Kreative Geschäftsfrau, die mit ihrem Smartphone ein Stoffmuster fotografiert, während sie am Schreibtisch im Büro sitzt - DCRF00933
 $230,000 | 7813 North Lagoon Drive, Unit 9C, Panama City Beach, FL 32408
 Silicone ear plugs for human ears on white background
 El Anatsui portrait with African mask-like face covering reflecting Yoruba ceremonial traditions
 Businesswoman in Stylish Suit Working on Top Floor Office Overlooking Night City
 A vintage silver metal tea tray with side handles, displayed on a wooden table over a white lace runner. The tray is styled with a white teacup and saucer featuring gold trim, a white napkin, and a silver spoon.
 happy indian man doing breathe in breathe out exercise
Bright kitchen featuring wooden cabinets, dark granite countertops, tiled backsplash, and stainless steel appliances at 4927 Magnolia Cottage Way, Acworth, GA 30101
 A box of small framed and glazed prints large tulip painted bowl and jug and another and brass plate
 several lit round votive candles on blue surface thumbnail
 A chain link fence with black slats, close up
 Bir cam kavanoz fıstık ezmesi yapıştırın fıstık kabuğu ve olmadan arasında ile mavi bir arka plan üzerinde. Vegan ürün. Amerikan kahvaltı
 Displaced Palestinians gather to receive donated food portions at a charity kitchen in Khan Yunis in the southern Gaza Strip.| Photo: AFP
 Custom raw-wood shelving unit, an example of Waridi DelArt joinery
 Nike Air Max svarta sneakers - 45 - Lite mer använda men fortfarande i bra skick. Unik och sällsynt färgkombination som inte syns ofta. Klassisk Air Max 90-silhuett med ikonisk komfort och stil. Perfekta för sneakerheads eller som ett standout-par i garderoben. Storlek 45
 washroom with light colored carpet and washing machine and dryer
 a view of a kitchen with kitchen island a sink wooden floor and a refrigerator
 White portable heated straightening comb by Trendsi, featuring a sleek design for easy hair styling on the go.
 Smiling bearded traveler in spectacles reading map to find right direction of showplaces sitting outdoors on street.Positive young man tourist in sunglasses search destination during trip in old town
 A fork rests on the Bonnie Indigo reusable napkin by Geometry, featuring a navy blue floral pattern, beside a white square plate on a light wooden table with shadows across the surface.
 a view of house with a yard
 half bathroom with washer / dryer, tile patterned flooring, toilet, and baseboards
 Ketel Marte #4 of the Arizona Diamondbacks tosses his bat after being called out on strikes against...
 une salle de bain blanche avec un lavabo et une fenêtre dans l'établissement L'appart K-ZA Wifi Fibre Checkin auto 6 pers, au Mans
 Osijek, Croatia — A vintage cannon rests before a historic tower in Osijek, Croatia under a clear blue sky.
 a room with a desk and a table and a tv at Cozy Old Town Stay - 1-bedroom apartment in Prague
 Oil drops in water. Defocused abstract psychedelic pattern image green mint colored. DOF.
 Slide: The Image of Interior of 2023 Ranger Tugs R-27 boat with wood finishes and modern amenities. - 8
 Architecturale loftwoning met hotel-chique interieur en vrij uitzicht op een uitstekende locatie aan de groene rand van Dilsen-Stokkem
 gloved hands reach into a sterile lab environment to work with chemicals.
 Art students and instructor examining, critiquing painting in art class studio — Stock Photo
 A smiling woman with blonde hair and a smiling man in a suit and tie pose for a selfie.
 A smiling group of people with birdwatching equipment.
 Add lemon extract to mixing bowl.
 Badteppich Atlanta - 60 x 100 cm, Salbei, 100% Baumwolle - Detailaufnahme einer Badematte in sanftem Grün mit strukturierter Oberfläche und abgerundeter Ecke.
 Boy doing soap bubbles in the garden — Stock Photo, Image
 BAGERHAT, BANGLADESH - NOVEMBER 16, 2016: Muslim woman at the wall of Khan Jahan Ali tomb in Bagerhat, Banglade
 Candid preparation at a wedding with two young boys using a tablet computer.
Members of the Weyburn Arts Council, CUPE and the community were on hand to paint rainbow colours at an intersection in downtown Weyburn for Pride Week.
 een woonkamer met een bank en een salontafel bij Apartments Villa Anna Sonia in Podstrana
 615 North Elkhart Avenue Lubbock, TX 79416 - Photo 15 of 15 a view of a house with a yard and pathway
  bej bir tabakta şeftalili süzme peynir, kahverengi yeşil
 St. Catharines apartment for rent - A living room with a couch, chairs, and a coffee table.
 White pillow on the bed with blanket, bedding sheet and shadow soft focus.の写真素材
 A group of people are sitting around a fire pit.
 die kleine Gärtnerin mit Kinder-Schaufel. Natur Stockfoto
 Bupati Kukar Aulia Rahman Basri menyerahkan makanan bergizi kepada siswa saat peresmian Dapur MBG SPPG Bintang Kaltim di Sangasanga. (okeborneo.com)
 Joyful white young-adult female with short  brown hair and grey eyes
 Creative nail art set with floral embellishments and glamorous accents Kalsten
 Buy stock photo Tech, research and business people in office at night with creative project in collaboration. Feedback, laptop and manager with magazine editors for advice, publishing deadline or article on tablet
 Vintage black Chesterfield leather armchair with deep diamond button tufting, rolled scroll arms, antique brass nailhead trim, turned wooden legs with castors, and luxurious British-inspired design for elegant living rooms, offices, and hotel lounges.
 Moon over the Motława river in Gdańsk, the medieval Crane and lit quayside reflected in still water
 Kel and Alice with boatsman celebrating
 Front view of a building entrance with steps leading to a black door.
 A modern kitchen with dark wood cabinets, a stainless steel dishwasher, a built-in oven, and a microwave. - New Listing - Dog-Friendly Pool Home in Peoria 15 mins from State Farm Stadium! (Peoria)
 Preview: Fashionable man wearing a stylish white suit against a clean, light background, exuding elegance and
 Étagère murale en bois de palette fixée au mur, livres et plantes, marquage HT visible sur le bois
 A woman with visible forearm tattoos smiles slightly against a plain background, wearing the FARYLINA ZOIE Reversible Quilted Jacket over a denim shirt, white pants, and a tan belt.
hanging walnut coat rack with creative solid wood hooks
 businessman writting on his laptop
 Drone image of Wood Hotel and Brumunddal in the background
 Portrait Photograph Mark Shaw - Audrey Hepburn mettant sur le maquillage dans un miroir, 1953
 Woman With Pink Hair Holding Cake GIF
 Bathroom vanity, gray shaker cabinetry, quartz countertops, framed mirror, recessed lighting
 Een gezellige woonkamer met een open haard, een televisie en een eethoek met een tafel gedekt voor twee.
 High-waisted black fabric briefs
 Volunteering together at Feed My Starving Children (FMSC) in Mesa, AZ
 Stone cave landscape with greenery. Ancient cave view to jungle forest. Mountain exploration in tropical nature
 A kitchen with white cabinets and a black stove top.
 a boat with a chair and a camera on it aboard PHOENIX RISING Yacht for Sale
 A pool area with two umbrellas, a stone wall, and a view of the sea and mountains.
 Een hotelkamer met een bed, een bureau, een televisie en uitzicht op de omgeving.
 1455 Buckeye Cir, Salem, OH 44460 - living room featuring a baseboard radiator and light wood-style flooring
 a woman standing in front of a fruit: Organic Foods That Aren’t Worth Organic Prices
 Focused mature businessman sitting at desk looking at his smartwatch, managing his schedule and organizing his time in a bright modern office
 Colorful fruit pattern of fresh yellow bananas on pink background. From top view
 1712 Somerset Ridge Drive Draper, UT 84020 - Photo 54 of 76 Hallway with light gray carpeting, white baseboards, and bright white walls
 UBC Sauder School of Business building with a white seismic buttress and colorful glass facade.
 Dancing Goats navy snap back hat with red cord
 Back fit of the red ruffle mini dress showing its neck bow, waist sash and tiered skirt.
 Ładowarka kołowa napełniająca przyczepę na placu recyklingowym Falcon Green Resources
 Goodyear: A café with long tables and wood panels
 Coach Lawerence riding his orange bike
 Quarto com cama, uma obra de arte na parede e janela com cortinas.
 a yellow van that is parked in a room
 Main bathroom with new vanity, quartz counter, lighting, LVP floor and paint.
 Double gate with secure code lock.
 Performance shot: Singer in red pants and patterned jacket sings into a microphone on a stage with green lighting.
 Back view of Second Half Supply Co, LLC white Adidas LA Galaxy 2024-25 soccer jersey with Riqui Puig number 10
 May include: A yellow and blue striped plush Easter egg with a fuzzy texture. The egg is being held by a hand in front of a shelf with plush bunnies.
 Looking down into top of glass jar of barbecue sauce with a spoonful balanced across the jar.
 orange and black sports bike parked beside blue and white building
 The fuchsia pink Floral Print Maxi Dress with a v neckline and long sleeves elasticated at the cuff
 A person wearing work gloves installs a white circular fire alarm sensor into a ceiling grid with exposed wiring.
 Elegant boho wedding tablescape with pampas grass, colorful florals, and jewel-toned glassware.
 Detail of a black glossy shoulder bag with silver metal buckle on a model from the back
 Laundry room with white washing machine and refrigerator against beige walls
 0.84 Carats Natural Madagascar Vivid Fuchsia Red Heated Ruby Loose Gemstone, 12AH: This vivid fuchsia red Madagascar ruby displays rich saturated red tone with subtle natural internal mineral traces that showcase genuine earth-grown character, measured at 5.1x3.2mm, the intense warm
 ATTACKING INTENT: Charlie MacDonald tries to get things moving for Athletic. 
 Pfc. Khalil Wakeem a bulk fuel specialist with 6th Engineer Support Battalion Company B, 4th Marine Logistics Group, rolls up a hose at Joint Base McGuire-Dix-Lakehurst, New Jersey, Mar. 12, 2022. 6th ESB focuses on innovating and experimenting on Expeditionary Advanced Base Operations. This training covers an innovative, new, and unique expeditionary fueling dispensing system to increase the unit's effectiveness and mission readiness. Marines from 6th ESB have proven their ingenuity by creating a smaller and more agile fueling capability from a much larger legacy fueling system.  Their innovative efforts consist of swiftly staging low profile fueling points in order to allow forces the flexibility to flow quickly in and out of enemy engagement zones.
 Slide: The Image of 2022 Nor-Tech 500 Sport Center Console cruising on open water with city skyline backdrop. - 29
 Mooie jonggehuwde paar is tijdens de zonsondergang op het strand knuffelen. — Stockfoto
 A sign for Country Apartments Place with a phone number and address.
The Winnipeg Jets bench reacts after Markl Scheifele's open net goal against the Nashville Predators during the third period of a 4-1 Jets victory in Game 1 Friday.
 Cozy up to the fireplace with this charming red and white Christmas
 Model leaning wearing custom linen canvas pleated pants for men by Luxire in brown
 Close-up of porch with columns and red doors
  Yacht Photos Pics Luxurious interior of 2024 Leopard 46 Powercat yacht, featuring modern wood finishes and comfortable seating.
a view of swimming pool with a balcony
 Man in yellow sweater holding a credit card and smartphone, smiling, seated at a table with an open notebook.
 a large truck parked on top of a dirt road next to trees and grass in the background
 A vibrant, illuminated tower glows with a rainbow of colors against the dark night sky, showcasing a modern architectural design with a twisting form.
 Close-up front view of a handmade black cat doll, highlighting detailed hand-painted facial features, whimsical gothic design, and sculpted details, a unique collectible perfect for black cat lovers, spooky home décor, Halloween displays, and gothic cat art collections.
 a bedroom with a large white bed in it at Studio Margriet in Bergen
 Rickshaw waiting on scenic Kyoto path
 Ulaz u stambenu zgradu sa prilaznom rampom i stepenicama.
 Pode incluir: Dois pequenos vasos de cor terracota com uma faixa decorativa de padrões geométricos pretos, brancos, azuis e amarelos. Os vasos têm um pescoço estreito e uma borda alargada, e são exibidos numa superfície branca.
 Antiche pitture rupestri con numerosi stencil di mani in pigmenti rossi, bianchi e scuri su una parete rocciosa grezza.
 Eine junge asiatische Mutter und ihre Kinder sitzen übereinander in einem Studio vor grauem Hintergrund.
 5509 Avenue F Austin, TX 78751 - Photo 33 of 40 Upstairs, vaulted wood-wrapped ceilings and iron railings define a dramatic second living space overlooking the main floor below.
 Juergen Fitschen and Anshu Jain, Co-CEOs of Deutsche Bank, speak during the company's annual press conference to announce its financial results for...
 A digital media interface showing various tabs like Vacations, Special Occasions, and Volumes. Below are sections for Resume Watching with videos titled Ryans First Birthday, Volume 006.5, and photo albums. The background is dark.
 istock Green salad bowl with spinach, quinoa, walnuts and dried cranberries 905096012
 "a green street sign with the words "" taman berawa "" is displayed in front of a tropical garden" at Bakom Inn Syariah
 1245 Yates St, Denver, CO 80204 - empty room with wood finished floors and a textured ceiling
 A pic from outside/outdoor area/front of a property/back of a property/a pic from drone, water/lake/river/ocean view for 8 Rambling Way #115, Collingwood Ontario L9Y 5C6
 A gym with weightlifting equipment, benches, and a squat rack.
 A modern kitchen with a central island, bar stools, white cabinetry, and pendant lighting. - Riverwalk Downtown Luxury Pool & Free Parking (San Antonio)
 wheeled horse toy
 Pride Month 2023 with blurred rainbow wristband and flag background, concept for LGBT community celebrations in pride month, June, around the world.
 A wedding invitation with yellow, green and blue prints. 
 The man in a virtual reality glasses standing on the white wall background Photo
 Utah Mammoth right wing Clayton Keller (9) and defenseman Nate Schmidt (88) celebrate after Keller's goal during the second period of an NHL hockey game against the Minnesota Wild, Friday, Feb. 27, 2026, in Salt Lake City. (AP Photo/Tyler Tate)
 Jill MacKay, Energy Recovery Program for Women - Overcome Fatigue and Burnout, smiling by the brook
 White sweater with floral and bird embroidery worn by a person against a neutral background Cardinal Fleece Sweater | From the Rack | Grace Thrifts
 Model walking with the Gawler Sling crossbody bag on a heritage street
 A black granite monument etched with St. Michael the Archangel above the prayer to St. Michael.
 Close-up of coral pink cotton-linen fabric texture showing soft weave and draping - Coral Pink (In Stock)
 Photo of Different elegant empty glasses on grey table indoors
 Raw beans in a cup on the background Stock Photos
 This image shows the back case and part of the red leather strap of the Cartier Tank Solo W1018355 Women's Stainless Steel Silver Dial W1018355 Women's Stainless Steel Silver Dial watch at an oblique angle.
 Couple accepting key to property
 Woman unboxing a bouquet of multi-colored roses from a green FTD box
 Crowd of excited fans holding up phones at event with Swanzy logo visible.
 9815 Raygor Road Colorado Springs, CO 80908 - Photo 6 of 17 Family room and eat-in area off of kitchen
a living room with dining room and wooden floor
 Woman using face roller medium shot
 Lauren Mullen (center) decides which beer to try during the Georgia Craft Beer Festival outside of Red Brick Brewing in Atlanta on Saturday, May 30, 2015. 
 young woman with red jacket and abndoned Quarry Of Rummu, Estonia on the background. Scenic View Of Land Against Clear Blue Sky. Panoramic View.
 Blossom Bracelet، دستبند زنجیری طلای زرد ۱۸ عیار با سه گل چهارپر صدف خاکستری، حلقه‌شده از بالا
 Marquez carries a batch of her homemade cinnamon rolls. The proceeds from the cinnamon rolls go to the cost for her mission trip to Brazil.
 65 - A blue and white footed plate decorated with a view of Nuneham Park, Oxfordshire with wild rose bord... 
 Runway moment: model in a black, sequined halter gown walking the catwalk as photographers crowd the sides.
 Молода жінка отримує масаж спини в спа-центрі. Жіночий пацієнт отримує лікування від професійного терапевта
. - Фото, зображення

▶ [Required work]: Using the material above, quote the first line and each line after it, stopping at and including the line that holds "happy indian man".

▶ [Final answer]:
Kreative Geschäftsfrau, die mit ihrem Smartphone ein Stoffmuster fotografiert, während sie am Schreibtisch im Büro sitzt - DCRF00933
 $230,000 | 7813 North Lagoon Drive, Unit 9C, Panama City Beach, FL 32408
 Silicone ear plugs for human ears on white background
 El Anatsui portrait with African mask-like face covering reflecting Yoruba ceremonial traditions
 Businesswoman in Stylish Suit Working on Top Floor Office Overlooking Night City
 A vintage silver metal tea tray with side handles, displayed on a wooden table over a white lace runner. The tray is styled with a white teacup and saucer featuring gold trim, a white napkin, and a silver spoon.
 happy indian man doing breathe in breathe out exercise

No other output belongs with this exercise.